Trouble with May Amelia
Written by Jennifer Holm
Illustrated by Adam Gustavson
Published by Atheneum, 2011
ISBN 9781416913733
The opening line of this middle-grade novel is in the engaging voice of May Amelia Jackson, the only sister to seven brothers on a farm near the Nasel River in Washington state in 1900. May Amelia is believable as a girl growing up in a boy’s world. She says: “My brother Wilbert tells me that I’m like the grain of sand in an oyster. Someday I will be a Pearl, but I will nag and irritate the poor oyster and everyone else up until then.”
May Amelia’s brothers and the boys at school are pranksters and she’s always on the wrong end of their jokes. But the boys are not her biggest obstacle. May Amelia’s relationship with her father is a much bigger struggle: “Pappa says I’m Just Plain Stupid because I Never Pay Attention and that he would rather have one boy than a dozen May Amelia’s because Girls Are Useless.”

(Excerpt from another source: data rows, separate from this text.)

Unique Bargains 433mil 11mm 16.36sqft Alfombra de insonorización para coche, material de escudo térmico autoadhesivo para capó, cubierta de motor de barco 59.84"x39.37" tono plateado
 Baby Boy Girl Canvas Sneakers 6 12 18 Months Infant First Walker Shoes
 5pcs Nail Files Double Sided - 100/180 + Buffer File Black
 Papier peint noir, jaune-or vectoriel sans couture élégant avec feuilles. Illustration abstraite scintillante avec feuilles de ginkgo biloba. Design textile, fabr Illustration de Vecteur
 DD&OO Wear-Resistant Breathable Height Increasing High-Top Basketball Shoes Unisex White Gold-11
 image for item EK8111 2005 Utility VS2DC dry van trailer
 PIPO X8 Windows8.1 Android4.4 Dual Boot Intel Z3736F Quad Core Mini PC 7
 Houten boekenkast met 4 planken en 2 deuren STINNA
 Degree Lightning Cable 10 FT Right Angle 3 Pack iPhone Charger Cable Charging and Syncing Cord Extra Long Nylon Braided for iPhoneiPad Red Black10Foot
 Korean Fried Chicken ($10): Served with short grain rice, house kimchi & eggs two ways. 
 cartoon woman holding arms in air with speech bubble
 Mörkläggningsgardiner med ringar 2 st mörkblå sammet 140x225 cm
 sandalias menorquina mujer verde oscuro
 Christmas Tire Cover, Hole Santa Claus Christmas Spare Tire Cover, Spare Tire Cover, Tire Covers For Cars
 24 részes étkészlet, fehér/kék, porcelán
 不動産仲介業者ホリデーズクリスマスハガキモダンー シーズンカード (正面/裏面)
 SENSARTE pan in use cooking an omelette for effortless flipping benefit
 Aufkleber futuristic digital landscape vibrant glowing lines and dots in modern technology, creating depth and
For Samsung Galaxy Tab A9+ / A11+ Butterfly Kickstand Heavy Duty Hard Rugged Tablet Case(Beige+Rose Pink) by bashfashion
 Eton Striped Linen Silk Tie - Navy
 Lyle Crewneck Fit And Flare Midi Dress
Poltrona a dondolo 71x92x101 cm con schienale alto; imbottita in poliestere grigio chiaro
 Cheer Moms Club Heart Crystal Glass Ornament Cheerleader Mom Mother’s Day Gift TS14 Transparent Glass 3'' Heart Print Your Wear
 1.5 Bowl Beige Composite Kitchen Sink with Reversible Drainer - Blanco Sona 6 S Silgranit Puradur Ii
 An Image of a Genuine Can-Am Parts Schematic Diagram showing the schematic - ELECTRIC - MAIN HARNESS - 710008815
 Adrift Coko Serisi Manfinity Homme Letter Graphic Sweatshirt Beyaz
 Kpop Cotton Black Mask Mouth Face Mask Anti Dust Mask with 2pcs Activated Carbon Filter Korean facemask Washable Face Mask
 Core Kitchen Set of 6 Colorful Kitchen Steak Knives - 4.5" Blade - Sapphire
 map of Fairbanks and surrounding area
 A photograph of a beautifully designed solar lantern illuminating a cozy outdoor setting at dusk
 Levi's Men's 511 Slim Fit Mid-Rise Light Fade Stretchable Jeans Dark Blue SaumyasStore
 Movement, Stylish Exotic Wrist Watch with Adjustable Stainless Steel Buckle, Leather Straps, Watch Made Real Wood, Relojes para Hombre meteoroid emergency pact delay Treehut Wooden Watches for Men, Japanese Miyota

The struggles in the story are balanced with wonderful, wry humor. A neighbor, Old Man Weilen, continually asks May Amelia whose boy she is no matter how many times she’s tells him she ain’t no boy. A bull named Friendly terrorizes the children at school, and May Amelia helps her favorite Uncle come up with new ways to die whenever she sees him. The story is a kind of romp through silliness and hardship.
The unusual first person narrative doesn’t have a single quotation mark in the entire book, and yet I was never lost as to who was speaking, and the narrative moves at a nice clip. The author capitalizes words in the middle of sentences for emphasis, which some may see as a device but which I feel strengthens her characterization.
The book is full of surprising tragedy which gives the book weight to balance the twang of the dialogue. It’s not a “cute” story. It has heart, spirit, and endearing characters.